(INSTRUCTIONS FOR THE TASK) Transcribe nothing except the lines below that run from the one with "259 Ive Bright" to the one with "T-shirt Play Est.", ends included, and do not copy any picture.

=== EXTRACTED INFORMATION ===

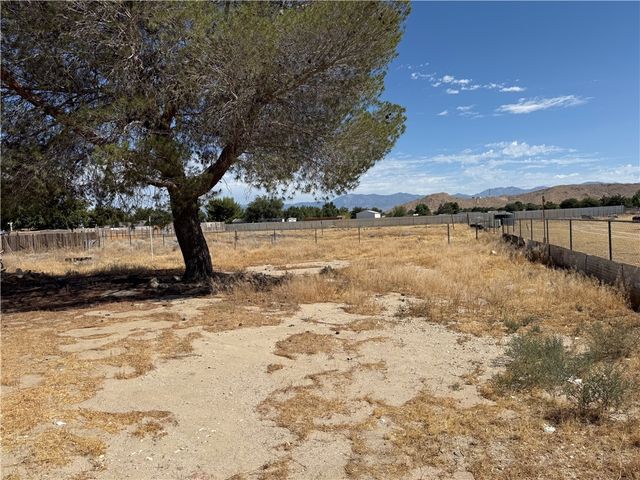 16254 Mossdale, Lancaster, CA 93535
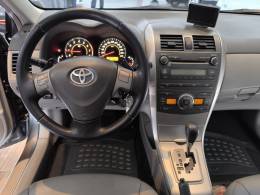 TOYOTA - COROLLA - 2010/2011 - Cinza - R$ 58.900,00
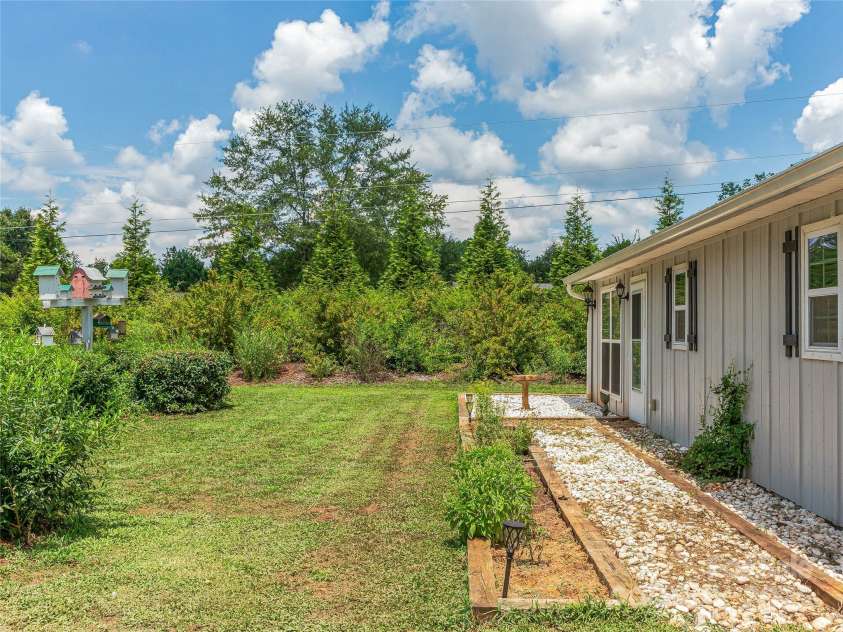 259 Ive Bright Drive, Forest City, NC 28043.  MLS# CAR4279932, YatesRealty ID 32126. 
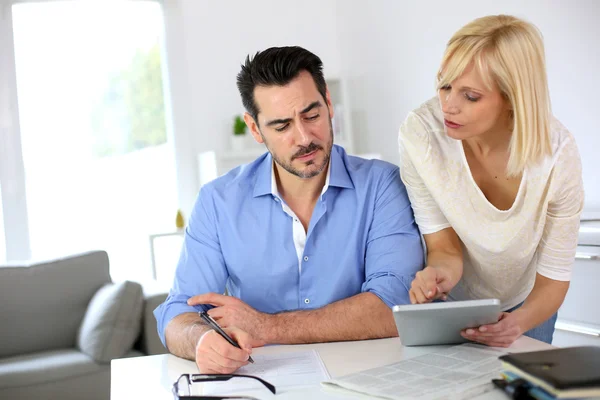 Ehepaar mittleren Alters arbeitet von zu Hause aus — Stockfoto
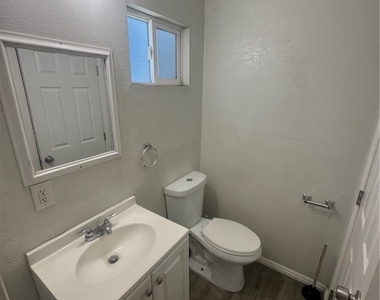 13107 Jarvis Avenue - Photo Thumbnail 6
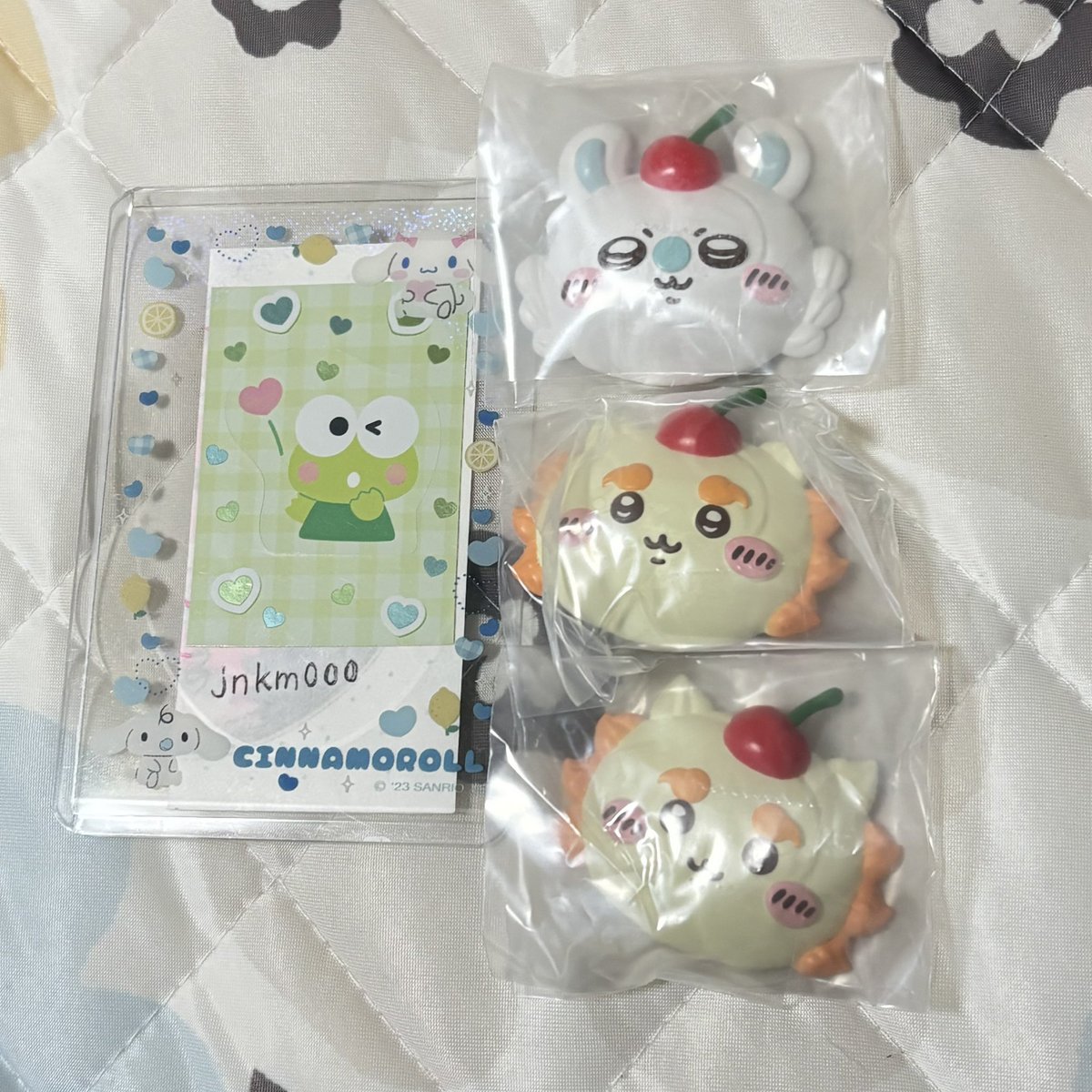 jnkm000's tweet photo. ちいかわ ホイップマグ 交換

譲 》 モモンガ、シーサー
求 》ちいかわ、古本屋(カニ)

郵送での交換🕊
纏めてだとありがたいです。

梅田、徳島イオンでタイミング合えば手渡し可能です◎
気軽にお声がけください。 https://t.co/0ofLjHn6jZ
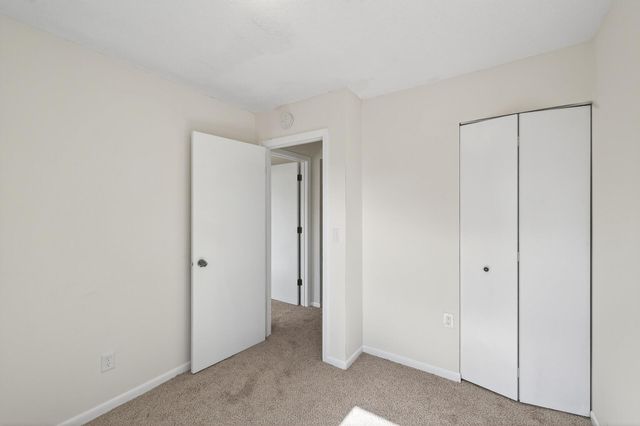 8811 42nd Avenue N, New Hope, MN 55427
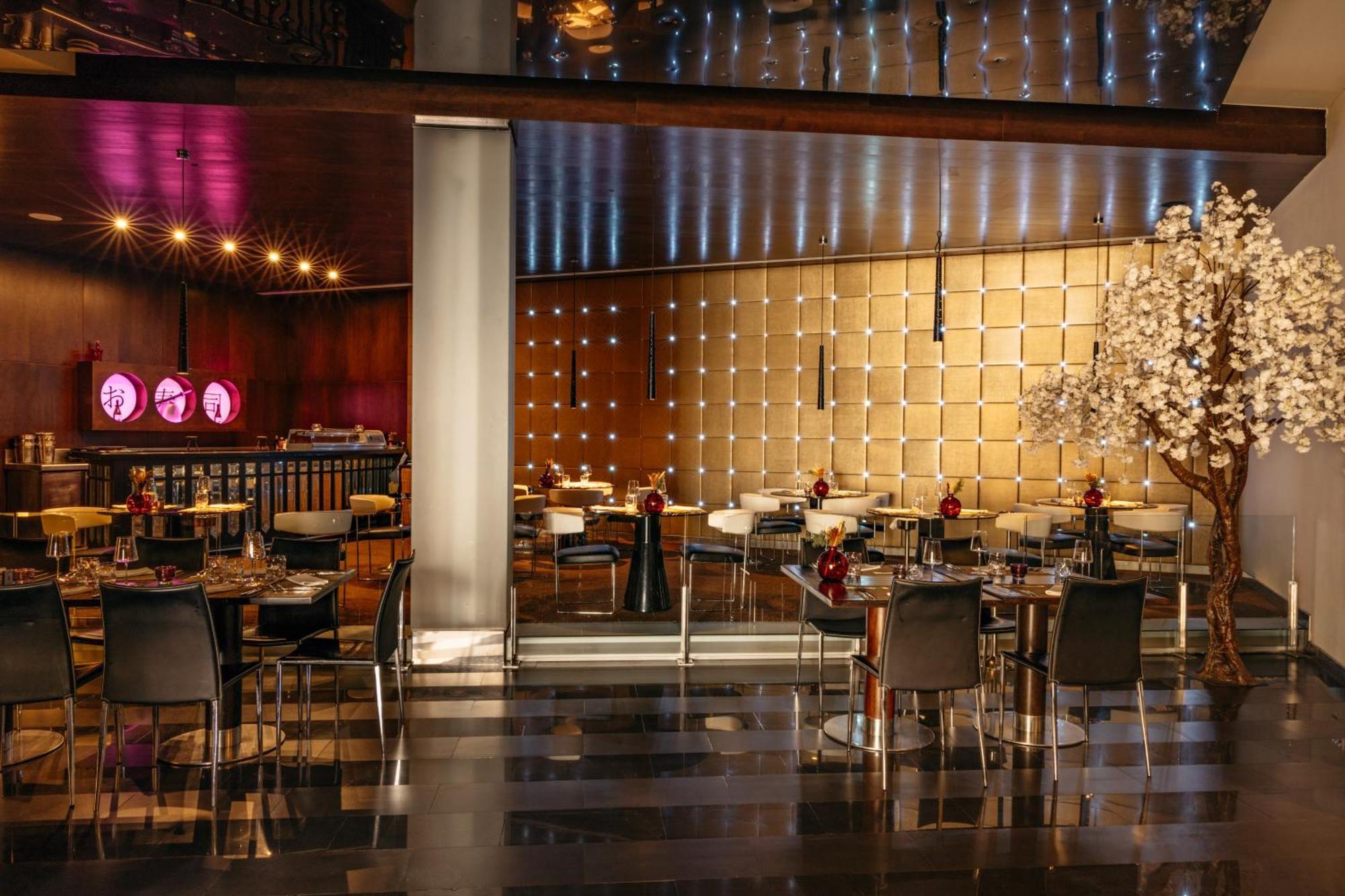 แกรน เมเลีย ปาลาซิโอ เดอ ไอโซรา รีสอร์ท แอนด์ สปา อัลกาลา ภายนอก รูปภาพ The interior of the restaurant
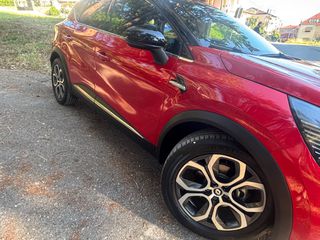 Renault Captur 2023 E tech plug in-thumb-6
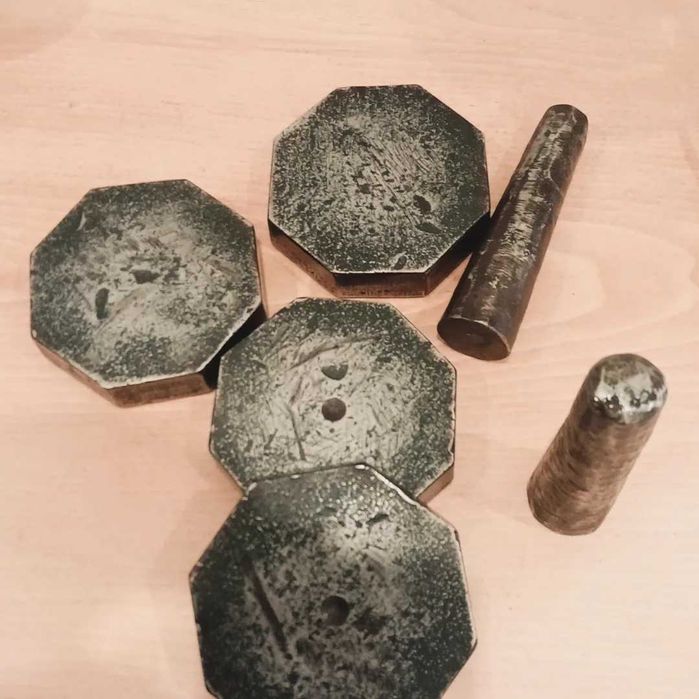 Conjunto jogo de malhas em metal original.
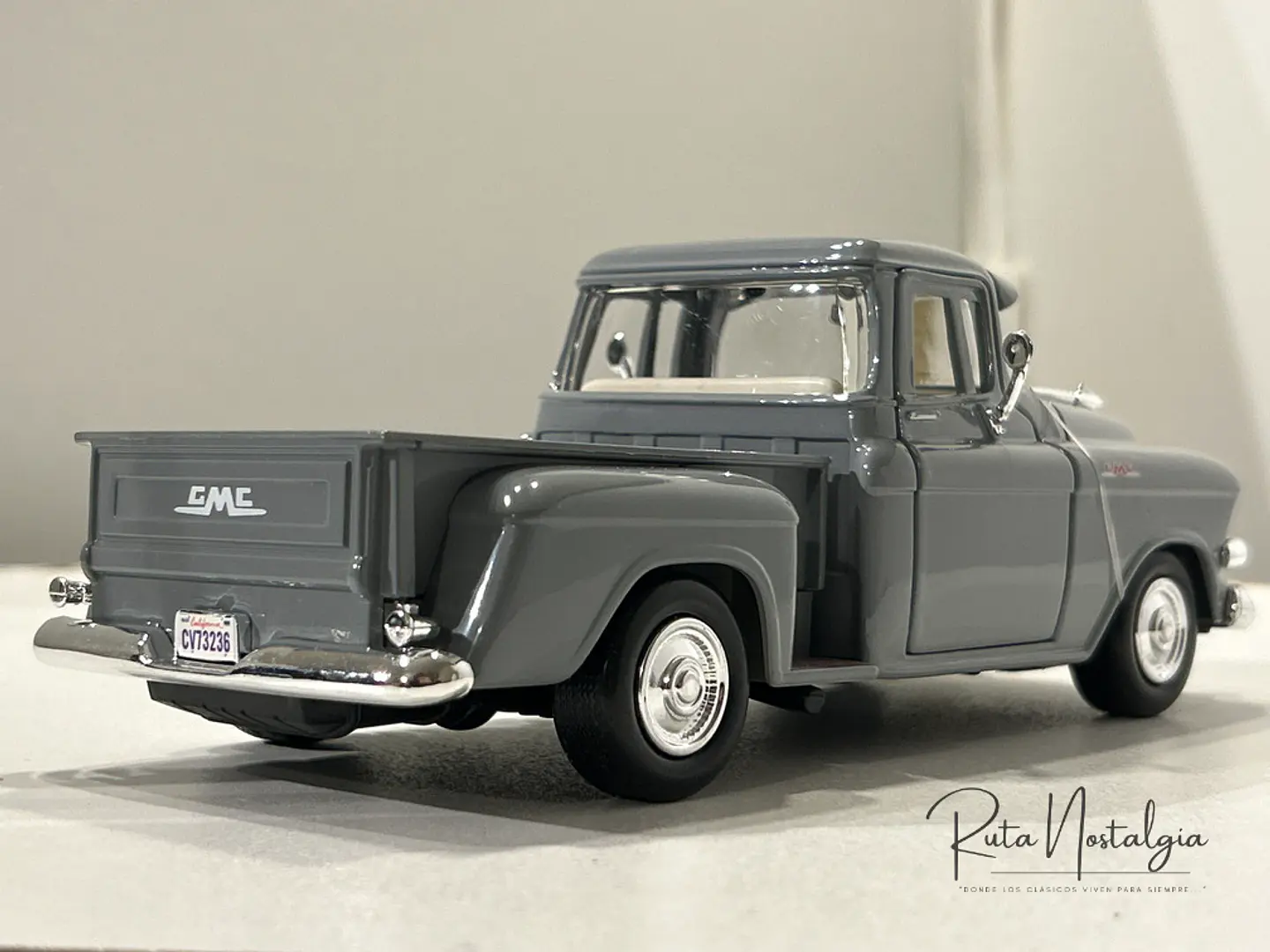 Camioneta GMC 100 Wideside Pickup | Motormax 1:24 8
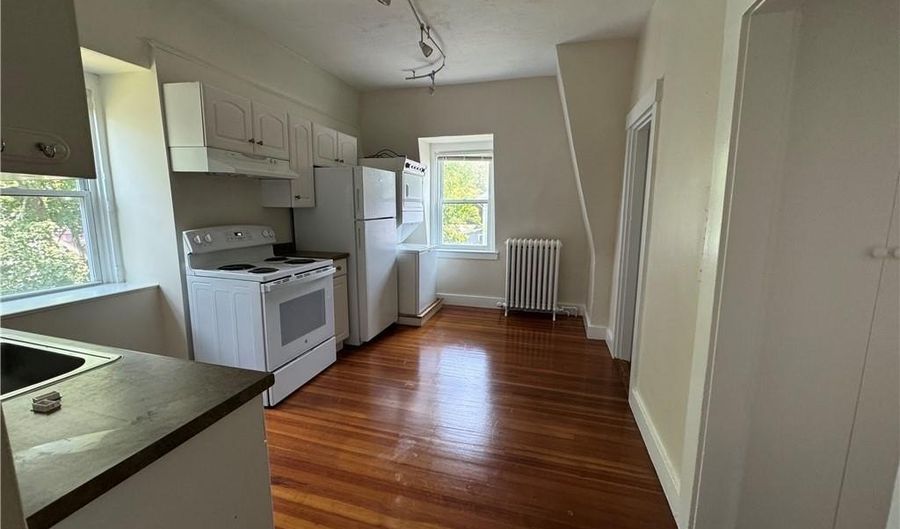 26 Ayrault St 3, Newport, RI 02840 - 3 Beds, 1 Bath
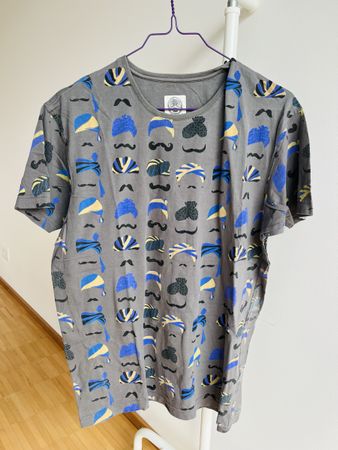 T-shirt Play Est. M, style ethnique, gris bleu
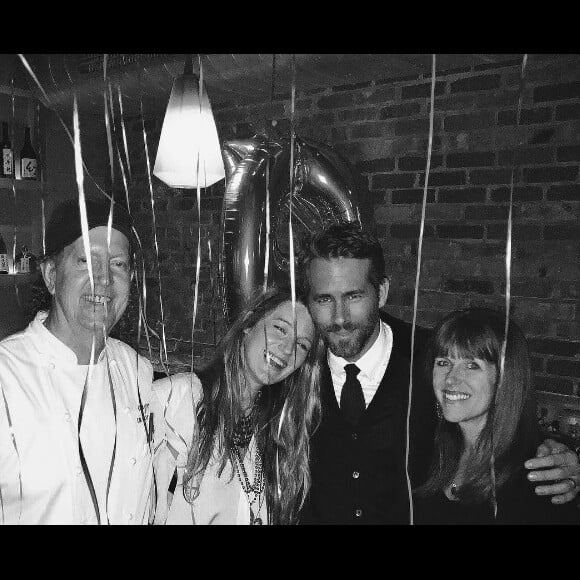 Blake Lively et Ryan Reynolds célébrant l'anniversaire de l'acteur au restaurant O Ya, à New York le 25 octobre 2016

===

(TASK RESULT)
 259 Ive Bright Drive, Forest City, NC 28043.  MLS# CAR4279932, YatesRealty ID 32126. 
 Ehepaar mittleren Alters arbeitet von zu Hause aus — Stockfoto
 13107 Jarvis Avenue - Photo Thumbnail 6
 jnkm000's tweet photo. ちいかわ ホイップマグ 交換

譲 》 モモンガ、シーサー
求 》ちいかわ、古本屋(カニ)

郵送での交換🕊
纏めてだとありがたいです。

梅田、徳島イオンでタイミング合えば手渡し可能です◎
気軽にお声がけください。 https://t.co/0ofLjHn6jZ
 8811 42nd Avenue N, New Hope, MN 55427
 แกรน เมเลีย ปาลาซิโอ เดอ ไอโซรา รีสอร์ท แอนด์ สปา อัลกาลา ภายนอก รูปภาพ The interior of the restaurant
 Renault Captur 2023 E tech plug in-thumb-6
 Conjunto jogo de malhas em metal original.
 Camioneta GMC 100 Wideside Pickup | Motormax 1:24 8
 26 Ayrault St 3, Newport, RI 02840 - 3 Beds, 1 Bath
 T-shirt Play Est. M, style ethnique, gris bleu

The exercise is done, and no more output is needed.